How to use %>% in tidymodels in R?-CodePudding

I am trying to split a dataset from tidymodels in R.

library(tidymodels)
data(Sacramento, package = "modeldata")
data_split <- initial_split(Sacramento, prop = 0.75, strata = price)
Sac_train <- training(data_split)

I want to describe the distribution of the training dataset, but the following error occurs.

Sac_train %>% 
      select(price) %>%
      summarize(min_sell_price = min(),
                max_sell_price = max(),
                mean_sell_price = mean(),
                sd_sell_price = sd())
# Error: In min() : no non-missing arguments to min; returning Inf

However, the following code works.

Sac_train %>%
  summarize(min_sell_price = min(price),
            max_sell_price = max(price),
            mean_sell_price = mean(price),
            sd_sell_price = sd(price))

My question is: why select(price) is not working in the first example? Thanks.

CodePudding user response：

Assuming your data are a data frame, despite having only one column selected, you still need to tell R/dplyr what column you want to summarize.

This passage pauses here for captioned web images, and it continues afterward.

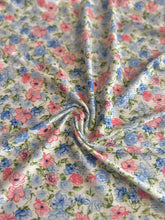 Load image into Gallery viewer, Brushed ribbed knit REMNANT(S): Ivory pink blue floral ⭐️
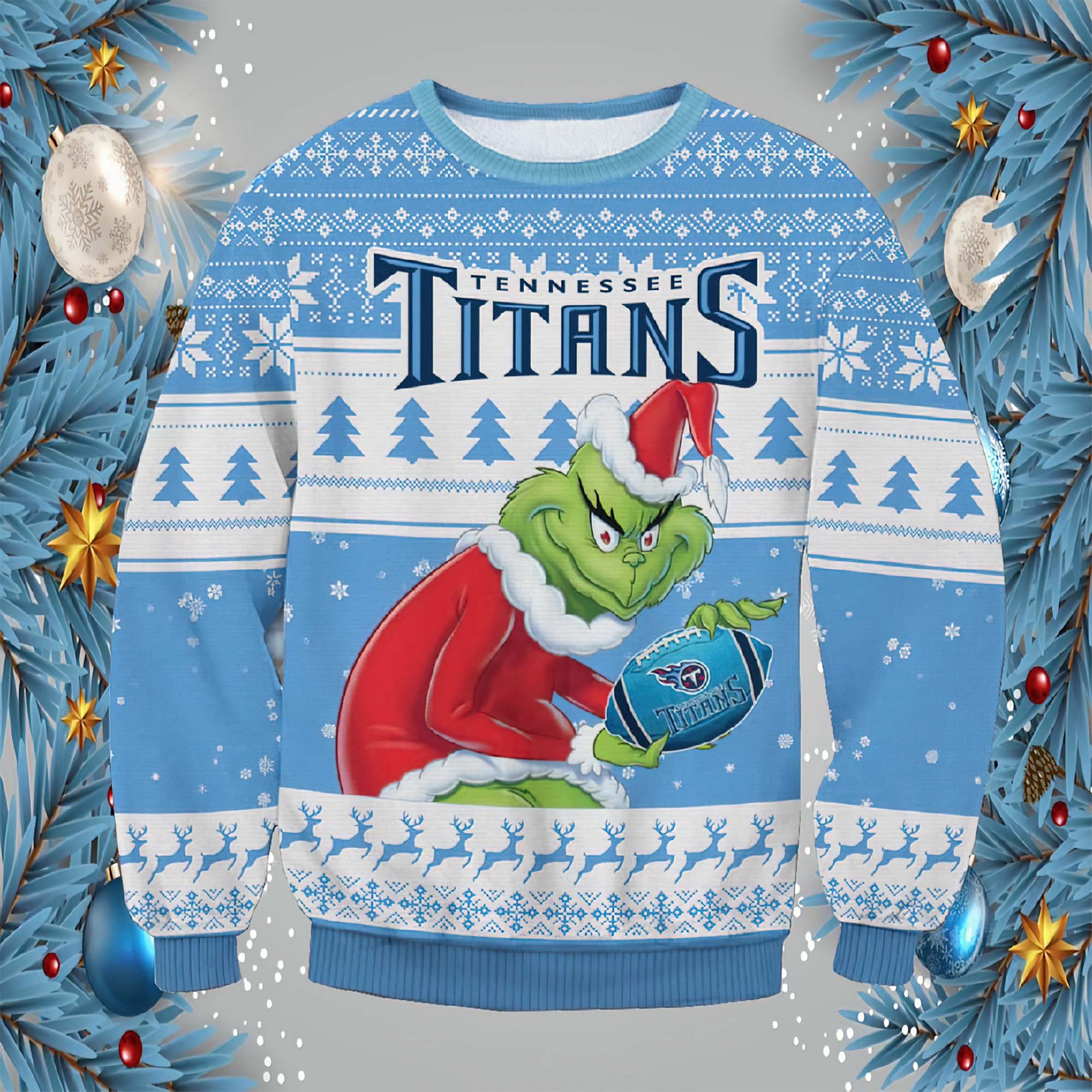 Grinch Titans Ugly Christmas Sweater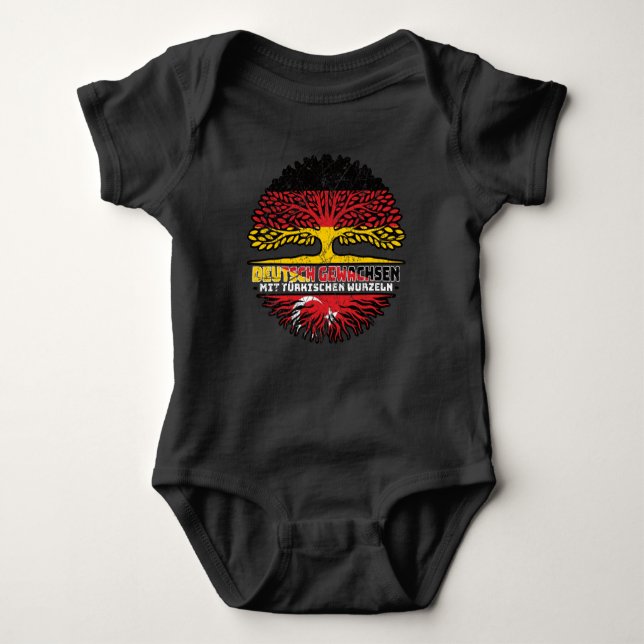 Türkisch Deutsch Deutschland Baum Wurzel Baby Strampler (Vorderseite)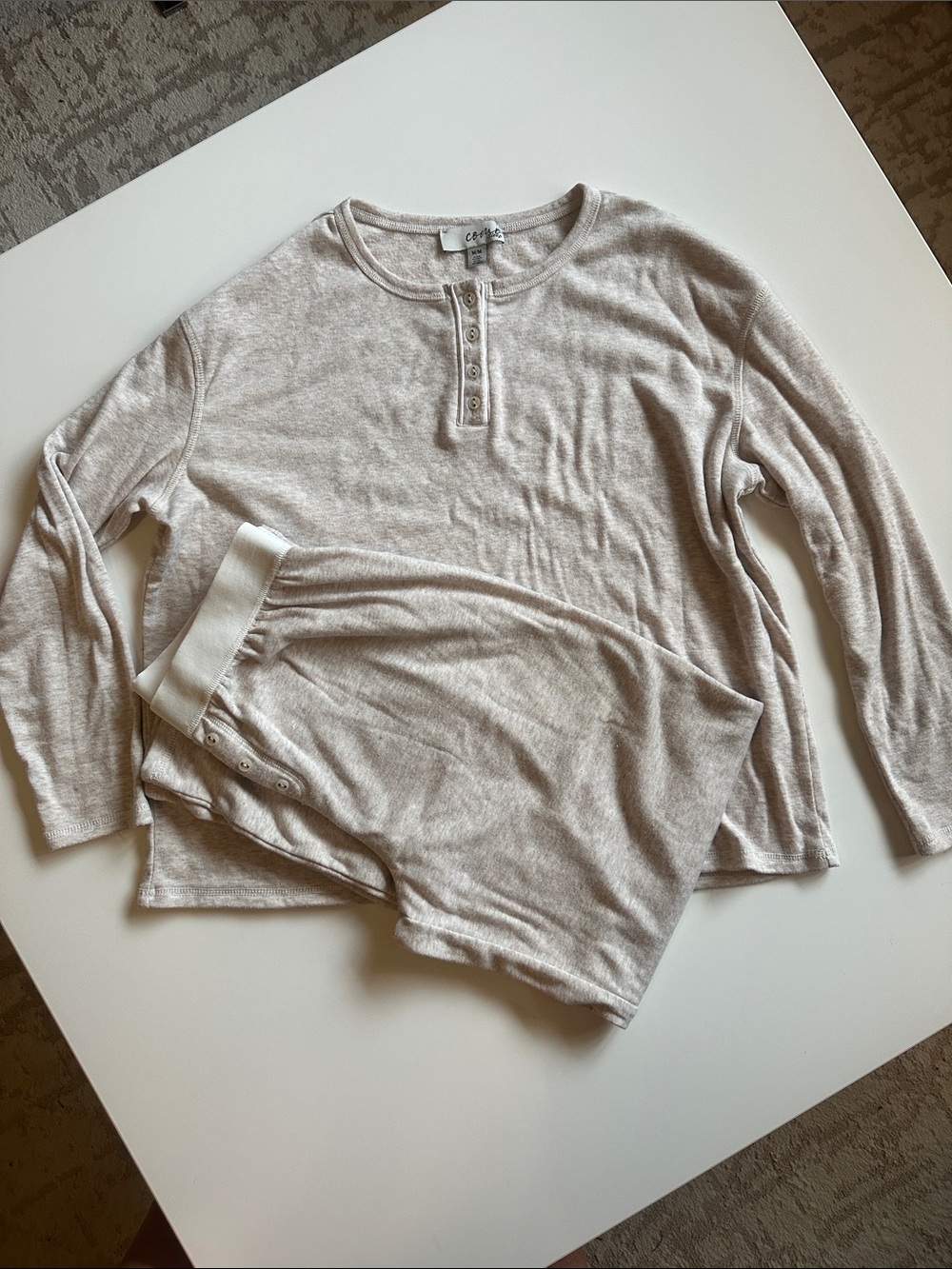 Cozy Light Beige Henley Pajama Set - Soft Long-Sleeve Top & Pants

In other words, it doesn't treat a single-column data frame as a vector that you can pass through a function - i.e.:

Sac_train.vec <- 1:25
mean(Sac_train.vec)
# [1] 13

will calculate the mean, whereas

Sac_train.df <- data.frame(price = 1:25)
mean(Sac_train.df)

throws an error.

In the special case of only one column, this may be more parsimonious code:

# Example Data
Sac_train <- data.frame(price = 1:25, col2 = LETTERS[1:25])

Sac_train %>% 
  select(price) %>%
  summarize(across(everything(), 
                   list(min = min, max = max, mean = mean, sd = sd)))

Output:

#   price_min price_max price_mean price_sd
# 1         1        25         13 7.359801